**Data extract**:
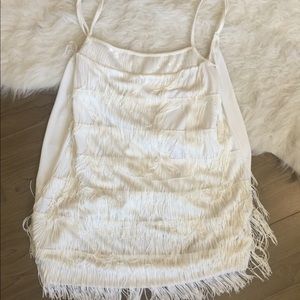 White fringe top
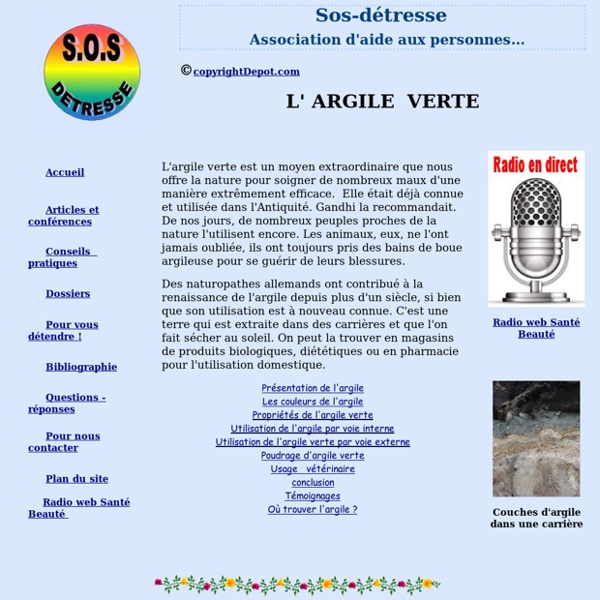 L'ARGILE VERTE : merveille, miracle de la nature...plaies, brulures, entorse...usages internes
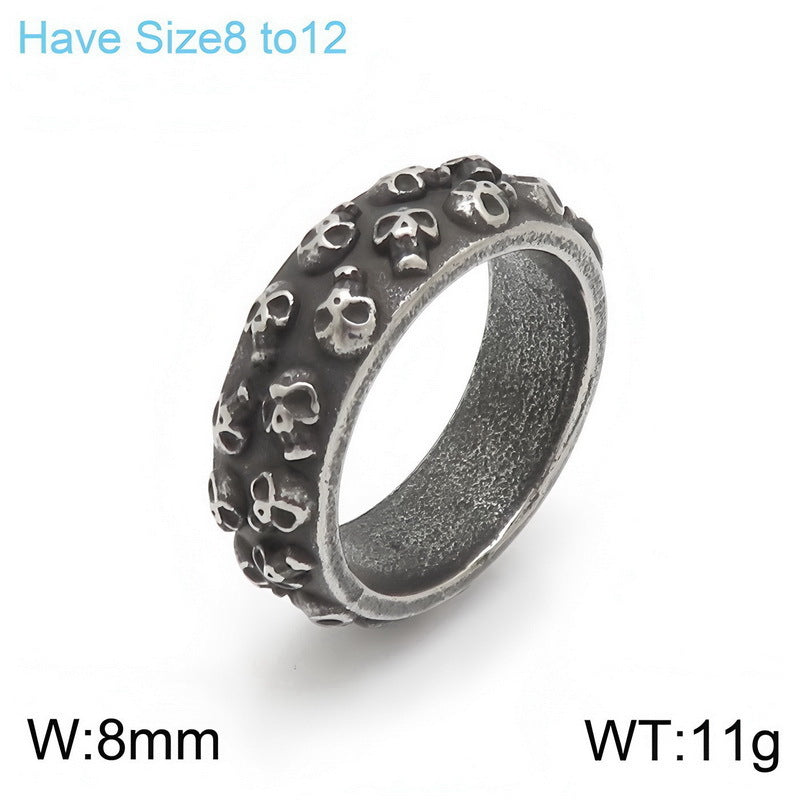 Halloween Diablo Double Row Little Skull Ring Old Gothic Ghost Head Stainless Steel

**Work to complete**: Skip every picture, and give the rest of the material above again exactly.

**Response**:
 White fringe top
 L'ARGILE VERTE : merveille, miracle de la nature...plaies, brulures, entorse...usages internes
 Halloween Diablo Double Row Little Skull Ring Old Gothic Ghost Head Stainless Steel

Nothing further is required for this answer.